Le travail de l’équipe WILLOW consiste à modéliser l’ensemble des phénomènes qu’implique l’interaction de contact puis à en faire des algorithmes, implémentés dans Pinocchio, afin de capturer les interactions d’un robot ou d’un humain avec son environnement. Actuellement, nous étendons Pinocchio afin d’identifier, à partir de données visuelles, la dynamique du mouvement humain et les efforts mis en jeu.

L’idée consiste à filmer des gestes accomplis par un humain, par exemple ceux de la course ou de l’escalade, puis de créer, à partir de la captation vidéo, un jumeau numérique en reconstruisant les mouvements en trois dimensions dans une carte visuelle.

Si elles sont organisées en collaboration étroite par Inria et le CNRS sous la supervision de Justin Carpentier, les perspectives de développement de Pinocchio, dont le code est accessible en open source, s’inscrivent également dans plusieurs projets européens.

Une portée européenne

Initié en octobre 2022, AGIMUS, projet collaboratif de recherche fondamentale sur la robotique, regroupe neuf partenaires académiques (LAAS-CNRS, porteur du projet, Inria Paris et CTU Prague) et industriels (les toulousains Toward et Airbus, l’espagnol PAL Robotics, le tchèque Thimm, les grecs Kleeman et Qplan). Ils sont associés dans la recherche et le développement de nouvelles méthodologies de génération de mouvements des robots, en particulier manipulateurs. « Dans l’industrie, beaucoup de robots sont de simples bras automatisés à base fixe. Nous réfléchissons aux possibilités de perfectionner la mobilité de ces bras robotiques afin d’accroitre leur autonomie et par suite leur interaction avec un opérateur. »

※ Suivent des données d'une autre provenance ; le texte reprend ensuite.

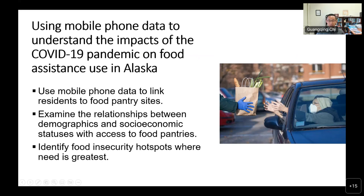We had a child project during the pandemic to study pandemic impacts on access to food pantries, using mobile phone data to link where people live to which food pantries they use. We examined relationships between demographics and socioeconomic status with food pantry access, and identified food insecure hotspots where need is greatest.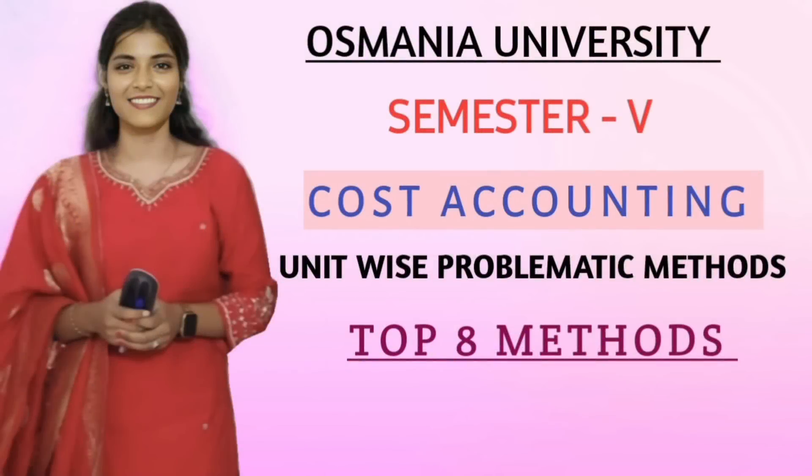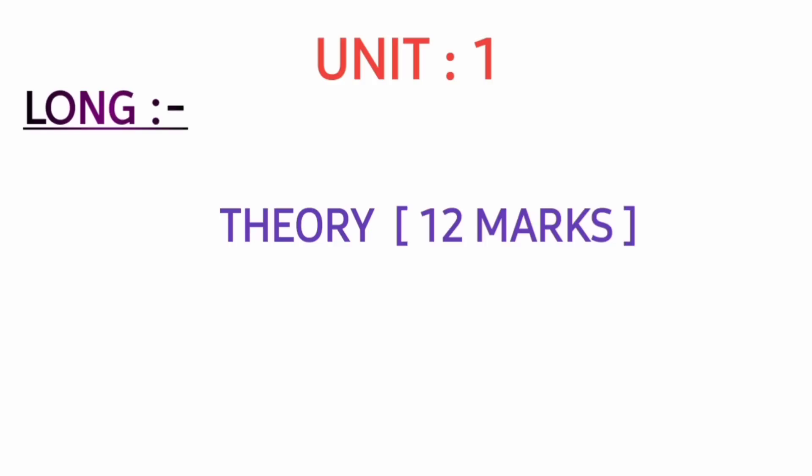Hello all, welcome back to our channel. Students, in this video we'll discuss the unit-wise problematic questions - what they are asking for 12 marks. These are compulsory problematic questions you will need to practice.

Le projet euROBIN réunit quant à lui 31 partenaires de 14 pays. Soutenu dans le cadre du programme Horizon Europe, il vise à accélérer le déploiement dans l‘industrie de solutions en robotique et intelligence artificielle issues de la recherche académique. De nombreuses équipes d’Inria y participent activement (WILLOW, Acentauri, Defrost, Chroma, Robotlearn, Rainbow) aux côtés de l’équipe-projet Larsen commune à Inria et au Loria qui pilote la thématique "Robots personnels".